The first: have 1 paired-end fastq and want to split the pairs.
a simple script can help you, can you show us the input? (just to be sure of the format)
I have *.dat files.
*.dat? do you have fastq/fq or sam/bam? In fastq file mixed pairs can be in two (as far I know) formats:
1) each read is reported independely:
2) both pairs are fusioned:
but 2) can be tricky depending if pairs are f-f or f-r
I am not aware of this format. If are using unix can you do sth like "head -10 yourdatfile" and copy and paste the output here.
OK sorry, It's FASTQ right out of the Illumina instrument. I said *.dat, because that's how the end. They are as I say FASTQ.

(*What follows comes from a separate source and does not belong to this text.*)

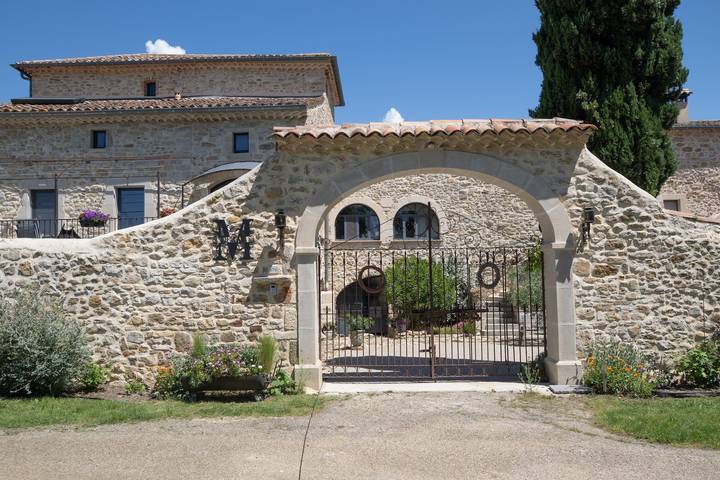 Ferienhaus für 13 Personen, mit Garten in Frankreich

My reads actually look like this: + CCCFFFFFHHHHHIHGGHFIJJIIJJIJIEHHJJJFGJIJIIIIJJJIGCGHIIJHEHIJJB=?DFBCCBEEEEDA @HWI-ST974:67:C0545ACXX:2:1101:1628:32111 1:N:0: GTTGGAGCAGGCCCGCAAGGCCGAAGAGGTGCAGGCCTGGGCGCAGCGCAAGGAGCGGGAAGTGCTGCAGCTGCAG + @BCFFFFFHHHGHJIJJJJJIJJJJJGJJFHIGJJIJJJJIGGHFFEDDDDDDDDDDDDDBBCDDEDDDDDDDDD> @HWI-ST974:67:C0545ACXX:2:1101:1521:32121 1:N:0: GTGACTGTCGTGTCCTCGTCGACCTCCTTCTCCTGTCGCTCCAGATCCGCCTCAATCTCCTTGAGCTCTTCCAGCT Thanks!
that looks like a single-end reads or the first pair in a pair-end (1:N:0), are you sure that do you have mixed paired-ends? Actually, from your example, your first sequence map to MPRS26 (chr20:3027308-3027383), and the second to SPC24 (chr19:11258704-11258779) in hg19 without spanning.
I am pretty sure these are paired-end reads. Have actually analysed this data with TopHat-Cufflinks. So I guess in my data each read was reported independently and using grep is a good option. Thanks so much!